# Effects of logging on known woods?



## zeuss22

Has anyone experienced your known producing woods usually filled with elms, being logged and thinned out significantly. What effect did it have on the morel production? Many more elms are now "dead" but I think too much sun is getting in and may not produce very good at all? Looking for experienced shroomer experiences to comment on this.


----------



## judy j

Zeuss: Go through this area!! You'll find a ton of morels more than likely. I now try to find areas that have been logged over every year. Last year we went to one of our usual spots and logging had been done along a power line. We found about 5 pds of morels in less than 2 hrs. I drove past this same power line and there had been clearing along another mile so we'll head back there this year. Logged areas produce for one to a few years and then, like most morel areas, quit producing. Report back and let us know how you do. I'd bet it'll be great!


----------



## zeuss22

@Judy J - that's GREAT news! I'll be all over this area over the weekend and let you know. I figured logging might be good for shrooms but again the environment is very different than it was,,,,,


----------



## oldmanofthewoods

"This is what I know". Morels feed on root systems of certain trees (but not just any tree). Tree starts to die, root system starts to die and morel mushrooms feed off the root system (they are feeding down not up). Once this decay starts, that tree is good for about three years (but the tree has to be at least a half a year into root decay). After that,the morel is no longer interested in feeding on the decaying roots (too far gone). At about the five year dead tree period (for elm), pheasant back mushrooms start feeding. They feed from the inside out. This is why shaking a bag full of mushrooms for morel growth makes no sense.Try shaking a bag full of dryads saddle onto the side of that dead elm if you believe the spore shakers! The elm tree produces both morel and pheasant back mushrooms (just not at the same time because they both like the rate of decay at different stages). Now back to the post on timbered woods. Absolutely timbered woods are going to be good just like burnt down forests are hot spots for mushrooms. The root system is killed in both instances and guess what the mushrooms are saying? Mmmmmmmmm! Mushrooms are a lot like us. They need two things to survive. Food and water. Decaying root structure is their food source as is the case with most fungi....


----------



## imfubar

@oldman, most of that is what people just want to believe, fact is morels will grow where ever they feel like growing or how do you explain finding morels in a pile of dirt in a parking lot or next to your house where no tree has grown for 50 years or next to highways with no trees or in the middle of railroad tracks growing through rock or in a yard hundreds of yards away from any tree or bushes or the countless other places without trees.

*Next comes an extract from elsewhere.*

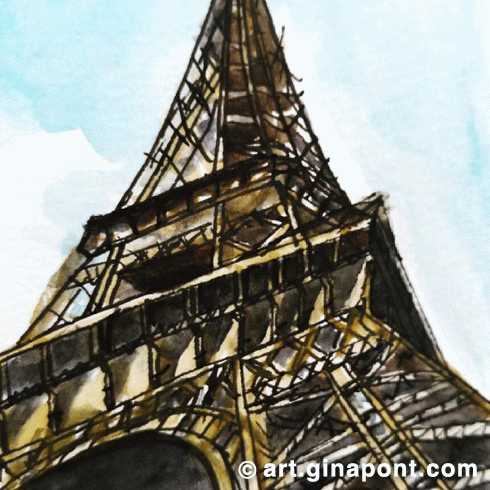 Eiffel Tower: Watercolor and rotring print for sale.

If a elm or any other kind of tree that people hunt for in this decay range was the key to morels then EVERY elm or other hunted tree in this decay range would produce not to mention morels could then be mass produced because when facts are known results are duplicated at will. They can and do get reproduced but without any guarantee of growth and without any specific trees involved. I find hundreds of morels in areas without trees and hundreds with trees, some years more in one wooded and some more without. There is one fact to really believe and that is morels can, do and will get found the most unbelievable spots with or without trees. Logged areas may or may not produce just like certain trees/decaying trees may or may not produce. They are a mystery and most likely always will be. The good thing is you have ideas and you follow them with results but claiming to have figured morels out is based on belief and not fact. There's just not many FACTS about how and where morels grow, they just do. In my opinion, if it's roots then it can be ANY kind of root, be it tree,bush,weed,grass, flower or any other kind of root cause that is how many different places they get found. Keep filling those bags!!


----------